Week 8: Rousseau, Flowing, and Portable Skills

Maria G P -

Hello and welcome back to my senior project blog! This week I spent more time working with Heights and made some valuable observations during their class time. I also spent some time with Holmes and discussed more about next year.

At Heights, I worked on the lesson plan a bit more. In particular, I worked on the lesson for flowing (note-taking during a debate) and cutting cards (collecting evidence and formatting it to be used in a debate).  In this class, these are some of the first skills debaters learn, even before they learn the different types of arguments. In this regard, their learning experience is much different from my experience learning debate, where there was rarely a set lesson plan. Along with many other debaters who did not take a debate class in school, I was taught with a “learn as you go” model, in which the topics taught are those needed immediately to be able to go through the motions of a debate round. Often, this means reading evidence other people cut or never properly learning how to cut evidence, learning how to flow by imitating others’ flows, etc.

In retrospect, I understand and appreciate this program’s approach of making sure all students have a basic understanding of card cutting and flowing because those are the skills that would garner the most portable and useful skills in the future. Flowing requires students to quickly understand words being said to them and synthesize them into extremely shorthand notes that they can decode and extrapolate meaning from later in the debate round. When considering spreading, or when debaters read the fastest they can while remaining intelligible to maximize the number of arguments they can make in one speech, the speed at which debaters are required to synthesize while flowing means that in other instances where this skill will be valuable, like during a lecture, it will be second nature.

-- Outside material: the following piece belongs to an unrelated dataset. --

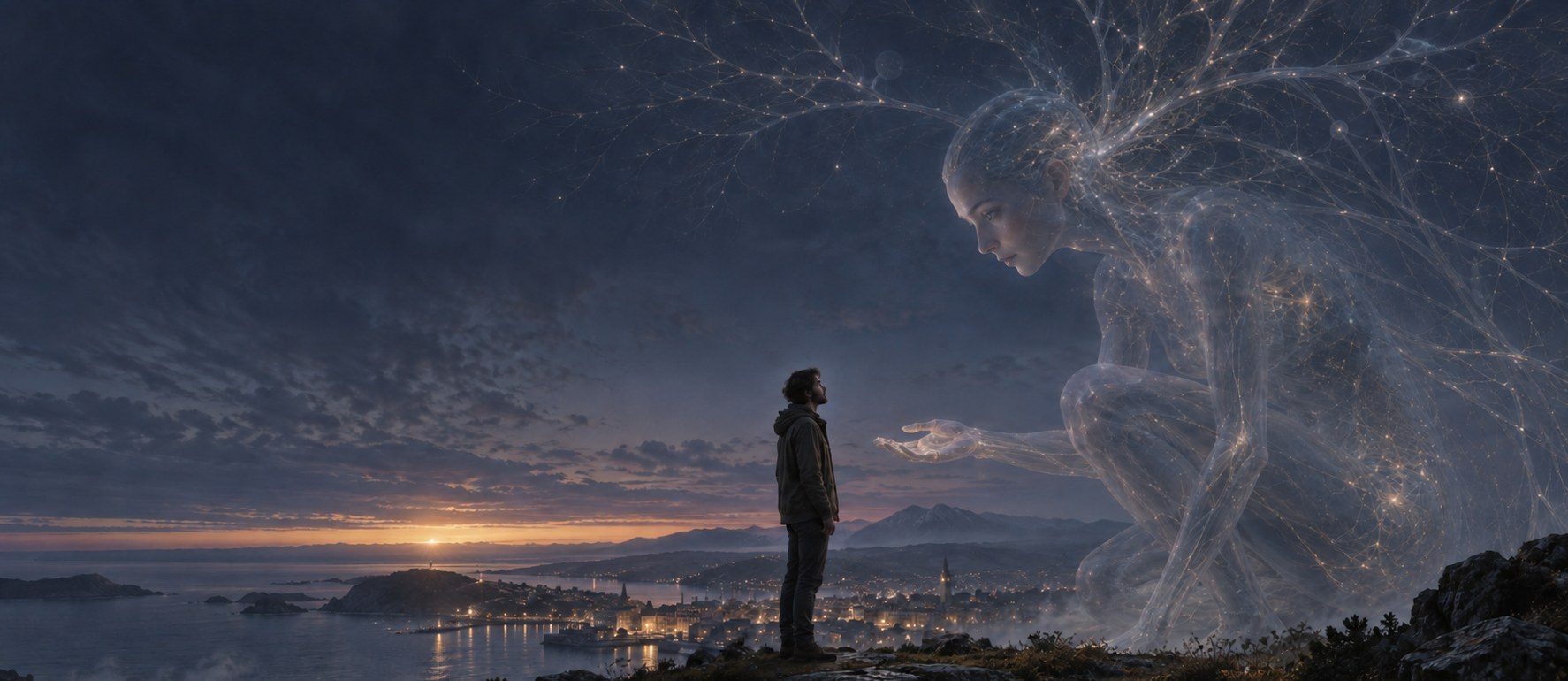 A person on a hillside at dusk looks up at a giant translucent figure made of light, reaching a hand toward them over a city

The same applies to card cutting. As a refresher, debaters will not read every word from a source verbatim. Instead, they will pick the best parts of the evidence and read that in the round, which requires highlighting and formatting certain parts of the text as such (image copied from week 1 blog):

 

Not only are the Heights students taught how to format evidence, but they are also taught how to navigate academic search engines, how to bypass paywalls, and how to determine scholarly sources to a higher degree than would be necessary for other on-level classes (a varsity debater might cut several cards a week, whereas they would only write 1-2 research papers for an English class). Moreover, the previous teacher standardized citation requirements. They mirror citations for academic papers, and students are required to put their initials in the citations of any evidence they cut. Thus, standards for evidence are high and there are accountability measures. The act of reading a piece of evidence several times, determining which parts best support a claim, and how to most effectively use the claims in the text is also critical to developing skills necessary for higher level academic writing, but also successful consumption of other forms of media. The same argument for repetition is true for these two aspects as well.

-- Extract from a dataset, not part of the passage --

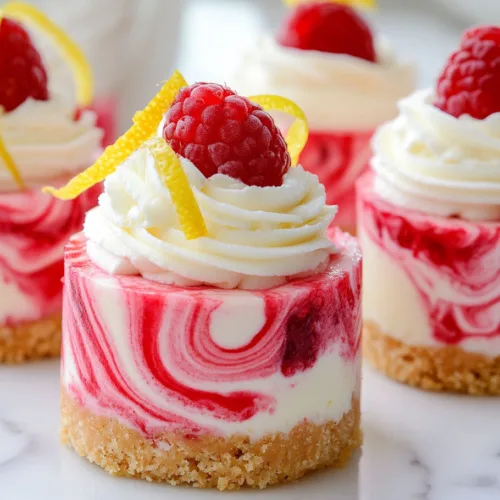 Mini Raspberry Swirl Lemon Cheesecakes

Aside from that, we had a relatively slow week at Holmes, as the short week and other plans they had during class inhibited my ability to meet with them. I met with one of their debaters and talked some more about the types of arguments they want to run on next year’s topic. They are currently between running a topical affirmative and a Kritikal affirmative. They want their affirmative to revolve around Indigenous opposition to US development in the Arctic, but the degree to which a progressive move towards non-settler, non-violent US presence in indigenous land is possible is heavily contested. To run a topical affirmative, they will have to prove that progress through the government is possible. They are still determining which route will have the most evidence and the most truthful arguments.

Aside from that, in terms of progressing toward my final project, I have sent out my questionnaire but have not yet gotten it back from either school. I tried to organize my questions into a series of groups. The first few questions aim to determine the relative experience level of the student. Next, several questions revolve around the impact that students think debate has both on their education and in general. Next, several questions focus on how students learn best, including how they learned debate and how they think that process could have been improved. The last group of questions revolves around things that happen external to the classroom, like other debate leagues and tournaments. I hope to organize my final paper along these general areas and look into whether the level of experience debating will have a noticeable impact on students’ answers.

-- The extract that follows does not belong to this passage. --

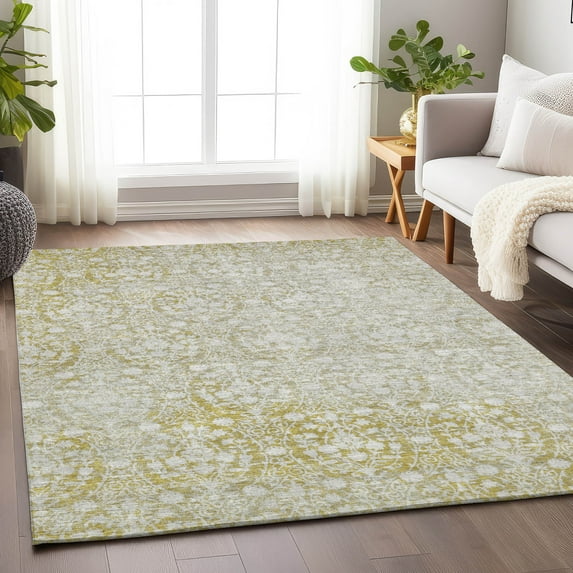 Addison Rugs Chantille Indoor/Outdoor Transitional Damask Gold Washable Rectangle Rug, 3' x 5'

In terms of observation, Thursday at Heights provided a very insightful look into how students learn best in situations where the subject matter is relatively niche. This week the U of H professor who usually works with the class wasn’t there. Instead, a U of H PhD student who works closely with the regular U of H professor was working with the students. He took a bit of a different approach to interacting with the students; he had them all move to a side of the room based on whether they thought it was better to be part of a civilized society or to be cavemen. Then, by asking the students guiding questions and allowing them to discuss amongst themselves, they went through the logical progression of the rationale behind a social contract as articulated by Rousseau. The discussion began with the pros and cons of each model with the students determining that the main pro of a civilized society is based on there being more to indulge in; more complexity and less isolation because of innovation and community. Although this was very far from the types of arguments seen in policy debate, the ability to discuss philosophical topics in an open format is undoubtedly enriching. It builds the fluidity of thought and ease of expression that the best debaters have in less structured moments of a debate like cross-examination or analytical-argument-heavy rounds. Additionally, arguments that rely heavily on philosophy (Kant is particularly popular) are prevalent in LD debate, another equally technical debate format that some Heights debaters participate in.